DATA PROVIDED>

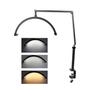 Imagem de Luminária De Mesa Articulável Luz Led Estética Ring Light M3X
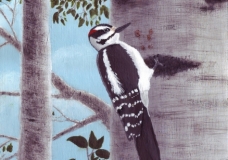 Hanging out in the Birch - Jennifer Bonnycastle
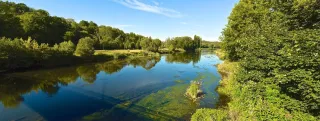 Fluss im Wald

WORK ITEM> The required output is the listing above reproduced exactly, pictures removed.

THE COMPLETED TASK>
 Imagem de Luminária De Mesa Articulável Luz Led Estética Ring Light M3X
 Hanging out in the Birch - Jennifer Bonnycastle
 Fluss im Wald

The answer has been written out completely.